:: INPUT FOR THIS TASK ::

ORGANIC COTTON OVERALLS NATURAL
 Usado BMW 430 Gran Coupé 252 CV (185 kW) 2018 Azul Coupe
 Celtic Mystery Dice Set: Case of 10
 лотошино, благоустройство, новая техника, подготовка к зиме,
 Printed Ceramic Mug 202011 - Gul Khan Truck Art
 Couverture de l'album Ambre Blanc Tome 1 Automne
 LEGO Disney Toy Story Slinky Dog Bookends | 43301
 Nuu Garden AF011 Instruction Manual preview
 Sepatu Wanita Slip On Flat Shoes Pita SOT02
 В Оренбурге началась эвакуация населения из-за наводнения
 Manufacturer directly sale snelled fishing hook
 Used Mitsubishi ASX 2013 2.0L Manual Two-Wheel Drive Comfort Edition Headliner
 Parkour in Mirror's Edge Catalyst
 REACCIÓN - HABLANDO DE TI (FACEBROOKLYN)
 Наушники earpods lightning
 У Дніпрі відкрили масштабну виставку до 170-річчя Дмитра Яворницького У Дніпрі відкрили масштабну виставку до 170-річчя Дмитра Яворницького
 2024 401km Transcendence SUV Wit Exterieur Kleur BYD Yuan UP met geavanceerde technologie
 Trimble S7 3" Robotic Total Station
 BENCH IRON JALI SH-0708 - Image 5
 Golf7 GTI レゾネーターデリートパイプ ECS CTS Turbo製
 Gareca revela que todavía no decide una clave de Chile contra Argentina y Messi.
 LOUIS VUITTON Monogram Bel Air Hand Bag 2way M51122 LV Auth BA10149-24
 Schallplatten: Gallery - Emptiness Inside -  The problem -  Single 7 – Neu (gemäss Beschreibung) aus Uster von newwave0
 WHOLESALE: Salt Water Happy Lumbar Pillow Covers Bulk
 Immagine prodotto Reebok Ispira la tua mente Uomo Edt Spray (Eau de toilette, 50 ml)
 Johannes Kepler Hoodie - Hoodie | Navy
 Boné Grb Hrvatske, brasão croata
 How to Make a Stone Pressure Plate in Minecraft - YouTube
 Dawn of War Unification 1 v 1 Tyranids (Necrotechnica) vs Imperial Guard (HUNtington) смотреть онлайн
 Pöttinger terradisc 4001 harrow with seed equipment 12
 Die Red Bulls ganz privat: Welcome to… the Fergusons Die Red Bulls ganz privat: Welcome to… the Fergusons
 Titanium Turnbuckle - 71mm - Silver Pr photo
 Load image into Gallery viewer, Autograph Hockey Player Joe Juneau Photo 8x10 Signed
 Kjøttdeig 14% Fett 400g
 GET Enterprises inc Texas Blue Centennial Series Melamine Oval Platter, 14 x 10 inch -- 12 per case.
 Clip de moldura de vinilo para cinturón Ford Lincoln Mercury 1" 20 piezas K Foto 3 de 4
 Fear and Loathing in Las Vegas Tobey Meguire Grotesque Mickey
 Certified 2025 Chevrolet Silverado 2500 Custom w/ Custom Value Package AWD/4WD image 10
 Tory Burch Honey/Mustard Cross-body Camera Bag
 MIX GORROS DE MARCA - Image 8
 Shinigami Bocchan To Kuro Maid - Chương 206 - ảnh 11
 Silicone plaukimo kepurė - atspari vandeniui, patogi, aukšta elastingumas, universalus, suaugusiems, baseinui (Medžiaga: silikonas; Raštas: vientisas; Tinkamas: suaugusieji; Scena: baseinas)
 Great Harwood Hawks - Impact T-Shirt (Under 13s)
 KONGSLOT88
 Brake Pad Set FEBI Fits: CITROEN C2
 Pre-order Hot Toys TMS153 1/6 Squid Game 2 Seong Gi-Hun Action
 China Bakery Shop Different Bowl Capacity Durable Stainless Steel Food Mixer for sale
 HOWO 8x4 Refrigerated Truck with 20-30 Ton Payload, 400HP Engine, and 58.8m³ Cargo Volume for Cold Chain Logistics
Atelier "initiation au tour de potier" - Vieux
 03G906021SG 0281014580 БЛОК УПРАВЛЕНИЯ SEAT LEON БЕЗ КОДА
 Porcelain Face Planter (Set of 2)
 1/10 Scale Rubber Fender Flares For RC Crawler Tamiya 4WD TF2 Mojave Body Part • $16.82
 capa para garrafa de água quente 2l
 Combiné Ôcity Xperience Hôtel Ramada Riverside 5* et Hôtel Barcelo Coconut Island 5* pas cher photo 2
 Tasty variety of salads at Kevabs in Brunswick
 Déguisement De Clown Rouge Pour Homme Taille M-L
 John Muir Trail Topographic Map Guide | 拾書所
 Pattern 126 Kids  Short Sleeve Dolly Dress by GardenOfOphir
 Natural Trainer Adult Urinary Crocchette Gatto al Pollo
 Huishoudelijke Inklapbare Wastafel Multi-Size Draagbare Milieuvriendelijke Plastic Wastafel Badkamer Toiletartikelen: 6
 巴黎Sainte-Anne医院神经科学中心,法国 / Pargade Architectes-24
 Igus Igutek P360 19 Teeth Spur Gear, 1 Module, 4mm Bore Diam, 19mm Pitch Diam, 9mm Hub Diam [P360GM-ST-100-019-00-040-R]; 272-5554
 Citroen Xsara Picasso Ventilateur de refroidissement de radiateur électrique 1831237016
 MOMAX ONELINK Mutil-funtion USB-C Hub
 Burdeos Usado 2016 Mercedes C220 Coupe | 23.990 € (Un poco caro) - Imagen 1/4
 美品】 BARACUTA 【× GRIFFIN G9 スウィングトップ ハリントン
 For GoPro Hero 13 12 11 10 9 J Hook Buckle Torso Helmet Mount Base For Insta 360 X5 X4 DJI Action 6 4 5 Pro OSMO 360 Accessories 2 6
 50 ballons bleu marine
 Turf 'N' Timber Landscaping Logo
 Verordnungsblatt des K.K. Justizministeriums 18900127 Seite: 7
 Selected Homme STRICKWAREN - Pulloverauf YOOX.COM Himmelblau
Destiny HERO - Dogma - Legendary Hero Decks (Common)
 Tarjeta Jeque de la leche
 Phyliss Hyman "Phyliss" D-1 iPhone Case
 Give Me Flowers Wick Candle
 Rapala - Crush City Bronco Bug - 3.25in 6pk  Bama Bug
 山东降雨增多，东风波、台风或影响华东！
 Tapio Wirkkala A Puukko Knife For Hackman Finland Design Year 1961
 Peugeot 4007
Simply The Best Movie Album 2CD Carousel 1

:::

In exact wording, restate the lines of the data above from the first through the one holding "Boné Grb Hrvatske, brasão croata", and stop after that line.

-- SOLUTION FOR THIS EXERCISE --
ORGANIC COTTON OVERALLS NATURAL
 Usado BMW 430 Gran Coupé 252 CV (185 kW) 2018 Azul Coupe
 Celtic Mystery Dice Set: Case of 10
 лотошино, благоустройство, новая техника, подготовка к зиме,
 Printed Ceramic Mug 202011 - Gul Khan Truck Art
 Couverture de l'album Ambre Blanc Tome 1 Automne
 LEGO Disney Toy Story Slinky Dog Bookends | 43301
 Nuu Garden AF011 Instruction Manual preview
 Sepatu Wanita Slip On Flat Shoes Pita SOT02
 В Оренбурге началась эвакуация населения из-за наводнения
 Manufacturer directly sale snelled fishing hook
 Used Mitsubishi ASX 2013 2.0L Manual Two-Wheel Drive Comfort Edition Headliner
 Parkour in Mirror's Edge Catalyst
 REACCIÓN - HABLANDO DE TI (FACEBROOKLYN)
 Наушники earpods lightning
 У Дніпрі відкрили масштабну виставку до 170-річчя Дмитра Яворницького У Дніпрі відкрили масштабну виставку до 170-річчя Дмитра Яворницького
 2024 401km Transcendence SUV Wit Exterieur Kleur BYD Yuan UP met geavanceerde technologie
 Trimble S7 3" Robotic Total Station
 BENCH IRON JALI SH-0708 - Image 5
 Golf7 GTI レゾネーターデリートパイプ ECS CTS Turbo製
 Gareca revela que todavía no decide una clave de Chile contra Argentina y Messi.
 LOUIS VUITTON Monogram Bel Air Hand Bag 2way M51122 LV Auth BA10149-24
 Schallplatten: Gallery - Emptiness Inside -  The problem -  Single 7 – Neu (gemäss Beschreibung) aus Uster von newwave0
 WHOLESALE: Salt Water Happy Lumbar Pillow Covers Bulk
 Immagine prodotto Reebok Ispira la tua mente Uomo Edt Spray (Eau de toilette, 50 ml)
 Johannes Kepler Hoodie - Hoodie | Navy
 Boné Grb Hrvatske, brasão croata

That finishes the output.